PROBLEM DETAILS: What is needed is an exact copy of the lines from the one containing "Latvia 1010 ** Kukkia (2017)" through the last line of the records below, with no pictures.

===== RECORDS TO PROCESS

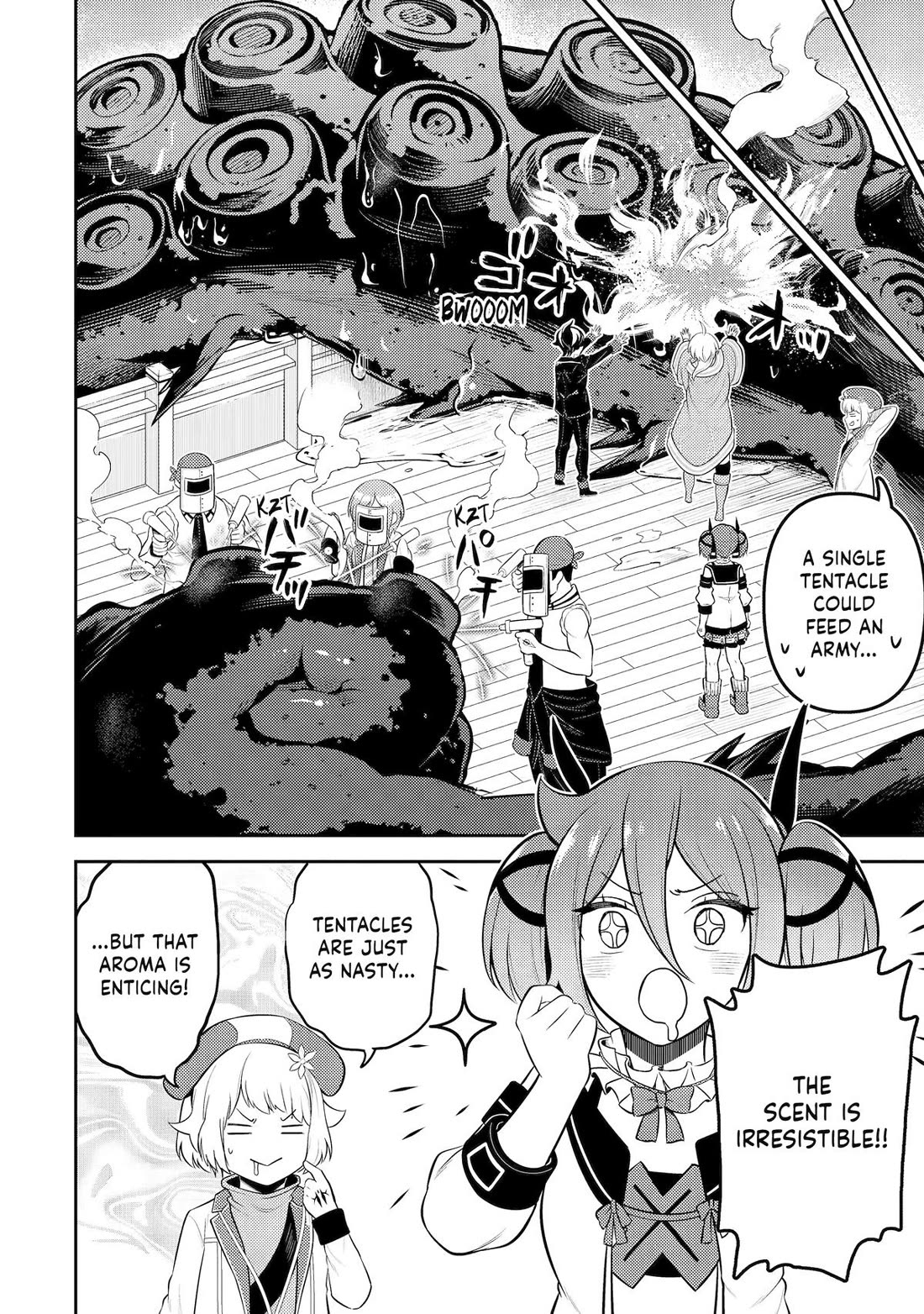 Shikkaku Mon no Saikyou Kenja Chapter 78 page 9 - Chapter 78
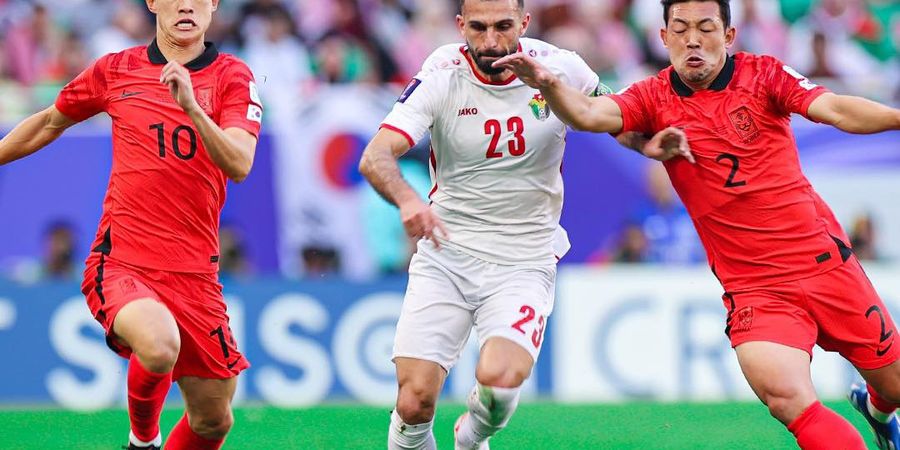 Hasil Piala Asia 2023 - Diwarnai 2 Gol Bunuh Diri hingga Penalti Panenka Son Heung-min, Yordania Tahan Korea Selatan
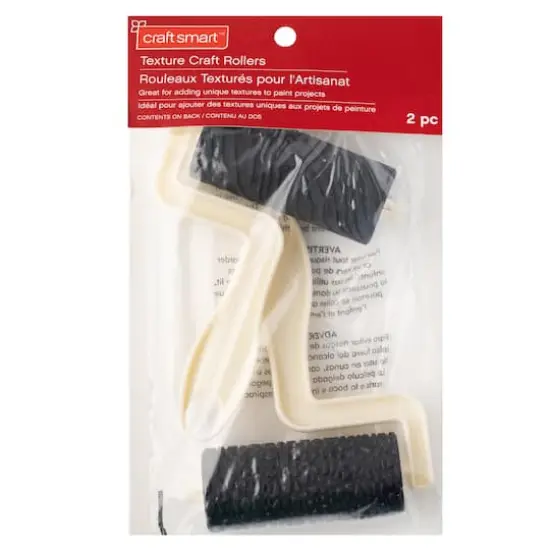 Texture Craft Rollers by Craft Smart&trade; {3}
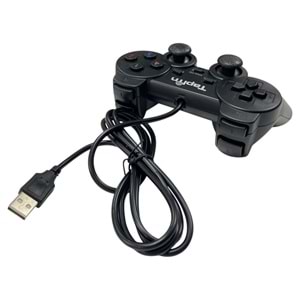 Taplin S1 Pc Kablolu Titreşimli Joystick Gamepad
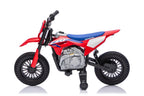 Vehicle Motorcycle HONDA CFR450R Red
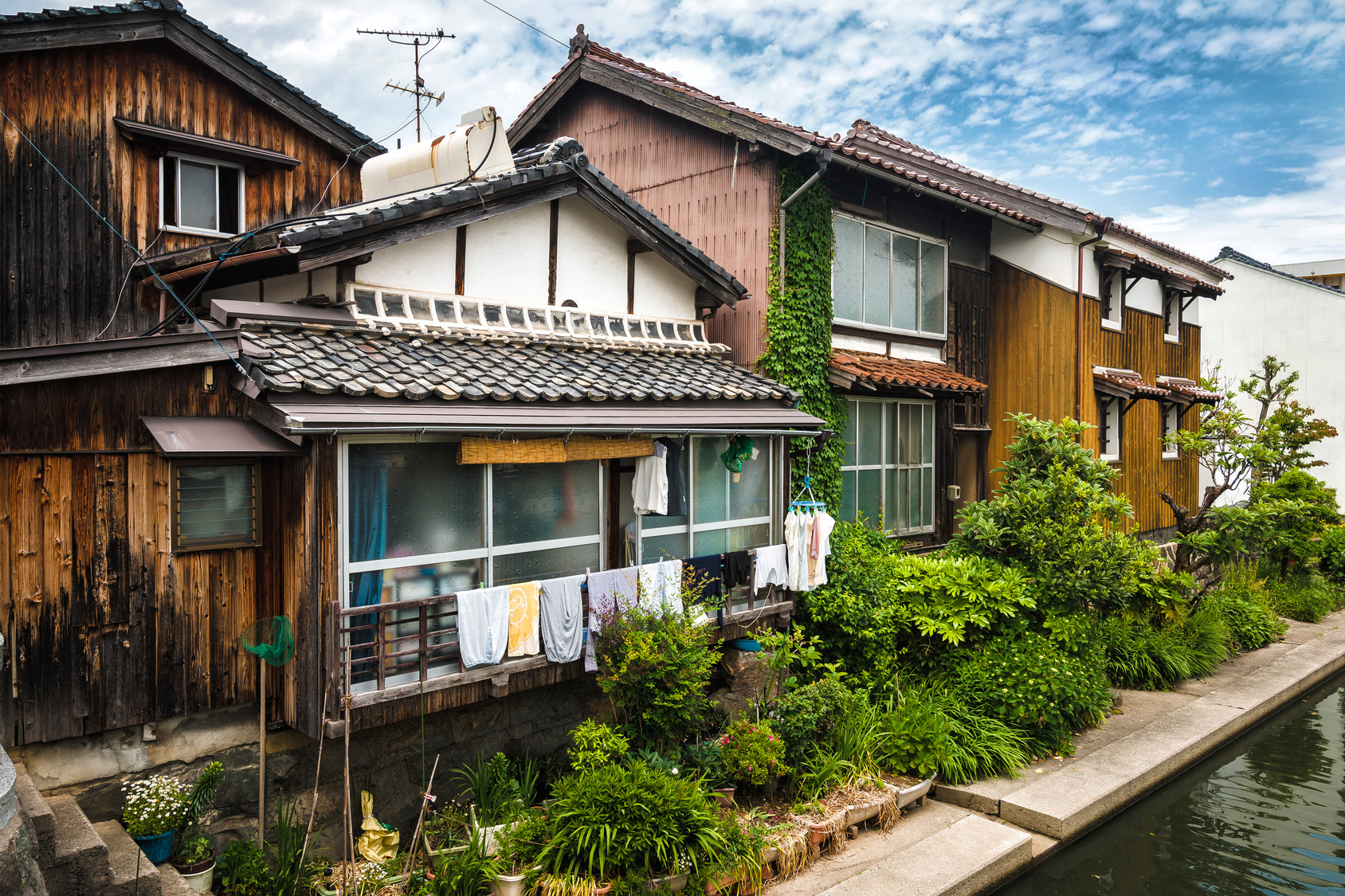 Les logements au Japon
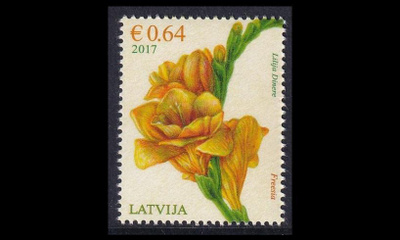 Latvia 1010 ** Kukkia (2017)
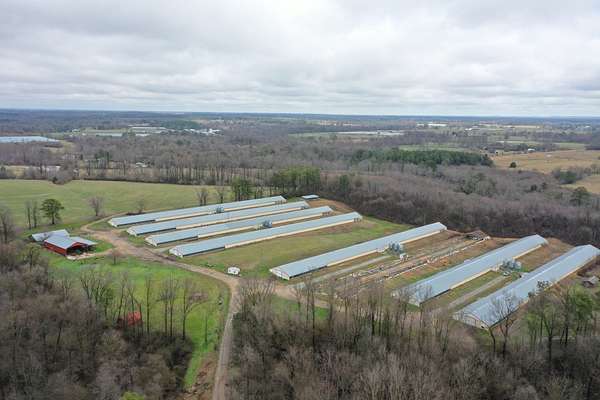 44 Acres of Agricultural Land with Home for Sale in Crossville, Alabama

==========

PROBLEM SOLUTION:
 Latvia 1010 ** Kukkia (2017)
 44 Acres of Agricultural Land with Home for Sale in Crossville, Alabama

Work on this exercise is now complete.